La jeune Aurore vient de mourir et son cadavre pourrit quelque part dans les bois. Autour du corps s’égaient de petits personnages, qui doivent trouver abri et nourriture. Mais quand on mesure à peine plus qu’un insecte, la nature environnante recèle d’innombrables dangers, et un par un, les filles et garçons de la troupe disparaissent. Aurore – qui ne porte pas par hasard le même nom que la fillette éteinte, tu y reviendras plus tard – tente d’organiser les choses afin que tout le monde puisse s’en sortir.
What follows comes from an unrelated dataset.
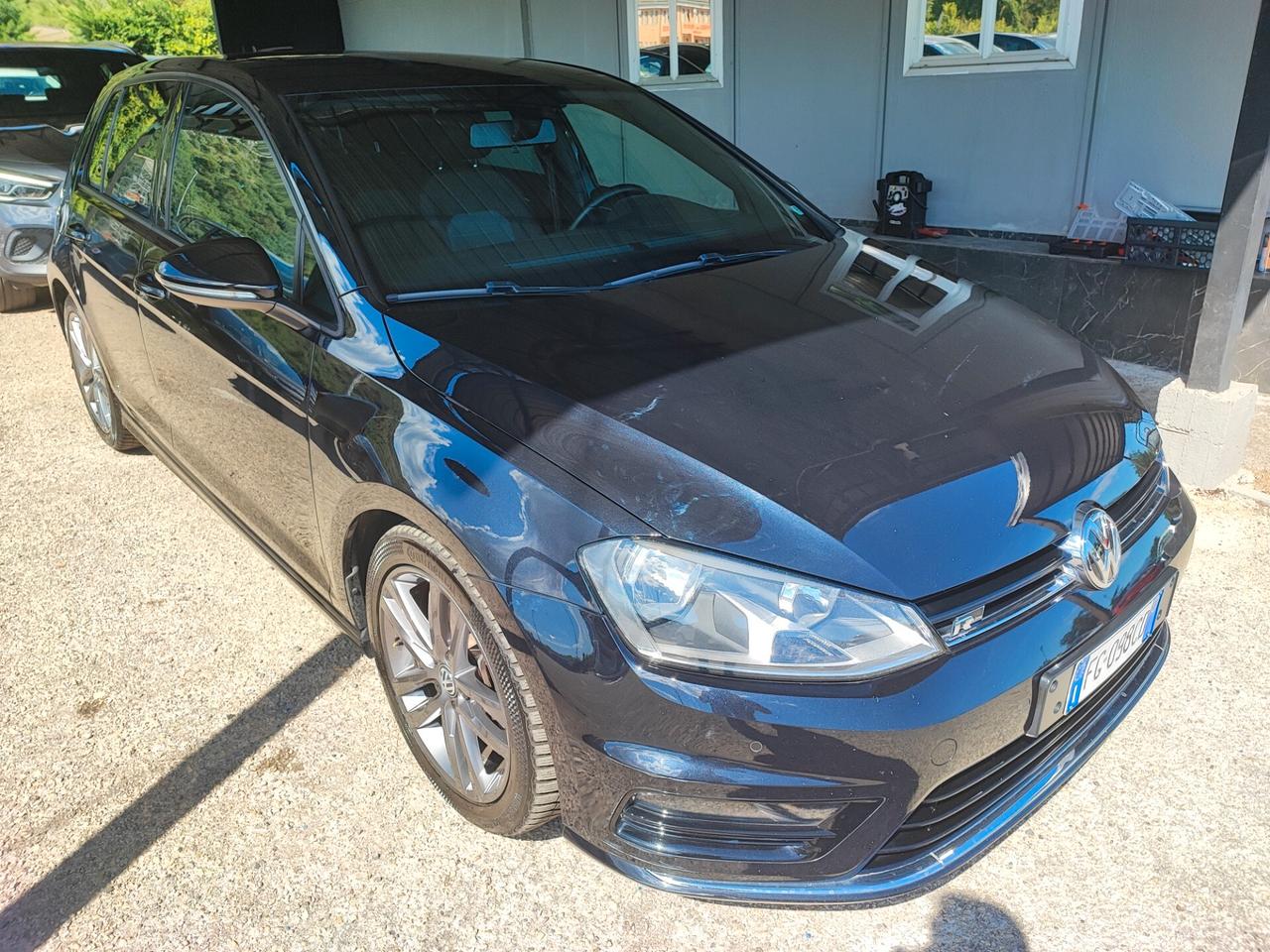 Volkswagen Golf 1.6 TDI 110 CV RLINE EDITION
Mais c’est sans compter sur l’orgueil, le sentiment de supériorité et les capacités de manipulatrice de Zélie…
Jolies ténèbres ne s'avère pas une bande dessinée à mettre entre toutes les mains. Malgré des dessins d’un style un peu naïf, qui seraient tout à fait adaptés à un album jeunesse, et une mise en couleur à l’aquarelle offrant une magnifique palette de teintes qui rayonnent, il s’agit d’un ouvrage macabre. Passons les pages d’introduction, qui révèlent directement l’environnement autour duquel vont évoluer les personnages. On pourrait ensuite penser suivre des aventures bucoliques d’une troupe d’enfants minuscules, perdus au milieu de la Nature. Mais dès la première nuit, cette dernière rappelle ses droits et un chat vient enlever, pour le dévorer, un des membres de la bande. Le lendemain, les dangers que peuvent receler les alentours apparaissent presque moindres que les horreurs dont se montrent capables les mômes les uns envers les autres. Jolies ténèbres fait penser, par moments, au roman Sa majesté des mouches de William Golding.
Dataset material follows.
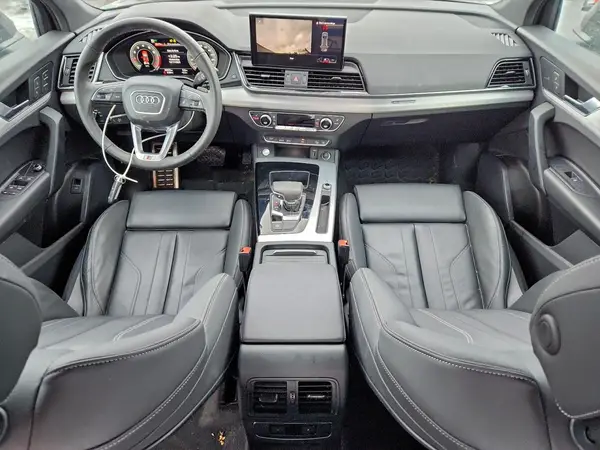 WA1EAAFY5P2181577 2023 AUDI Q5 - Image 8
Des scènes d’une violence certaine, où le sadisme règne, qui décrivent des décès stupides ou malencontreux, se succèdent pages après pages, tout au long de cette bande dessinée qui s’adresse donc à un lectorat adulte (l’éditeur Dupuis indique par ailleurs un âge de lecteur de 15 ans et plus).
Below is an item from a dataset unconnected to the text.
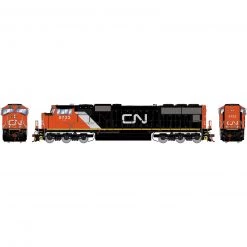 Athearn HO SD75I with DCC & Sound, Canadian National #5733
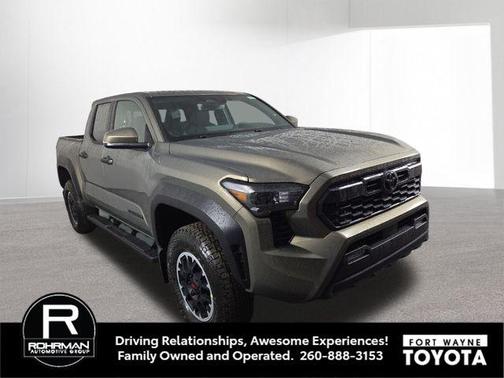 2026 Toyota Tacoma TRD Off Road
Contrairement à la plupart des personnages du livre, ce public n’est pas censé être ingénu. Il peut toutefois lire cet ouvrage avec un premier niveau de lecture assez basique, et éprouver plaisir – macabre sans doute – à découvrir les aventures morbides et sanguinolentes des créatures de Vehlmann et Kerascoët. S’il prend un peu de recul, il pourra s’interroger sur le sens plus profond de cette histoire qu’ils racontent. Car ces petites filles et petits garçons qui s’animent autour du cadavre en proviennent. Il semble qu’ils y vivaient, jusqu’à la mort de la fillette et le début de déréliction de son corps, qui chasse ces créatures en dehors. Qui sont-ils ? Que sont-ils ? On peut les imaginer simplement comme des organismes résidents naturellement en nous. Toutefois, il s’avère aisé et en même très intéressant de leur trouver une fonction plus profonde. Tu les vois comme des incarnations des parcelles de la personnalité de la défunte, qui se dispersent avec sa mort. Aurore, la minuscule fillette qui porte le nom que cette dernière, tente d’organiser la troupe, de fournir de la nourriture et un abri à chacun. Qu’elle se prénomme de la même manière que son ancienne hôtesse prend tout son sens avec cette interprétation. Elle apparaît comme le cœur de sa conscience – son âme, son Moi, ou tout concept approchant – et essaie donc, sans se poser de question, de maintenir la troupe en cohésion, de prolonger feue Aurore le plus longtemps possible. Mais rien ne peut entraver la déliquescence de la fillette morte, surtout quand son cadavre pourrit dans les bois. Les autres personnages se définissent alors comme les différents aspects de sa personnalité : la gloutonnerie, la timidité, la crainte, la vanité, le courage, et cætera.
Jolies ténèbres se présente, paradoxalement, comme un conte de fée. Aurore, en princesse, dispose de son prince charmant, Hector. Mais le pourrissement du corps signe la fin de l'histoire enchantée traditionnelle, qui devient de plus en plus macabre. Il s’avère facile de voir dans cette BD une critique de ce style de récits, qui ne résistent pas à l’épreuve de la réalité – celle de la Nature, mais aussi celle des humains.
1D’après une idée originale de Marie Pommepuy, qui n’est pas directement créditée car il s’agit de la moitié féminine du duo Kerascoët (la partie masculine étant Sébastien Cosset).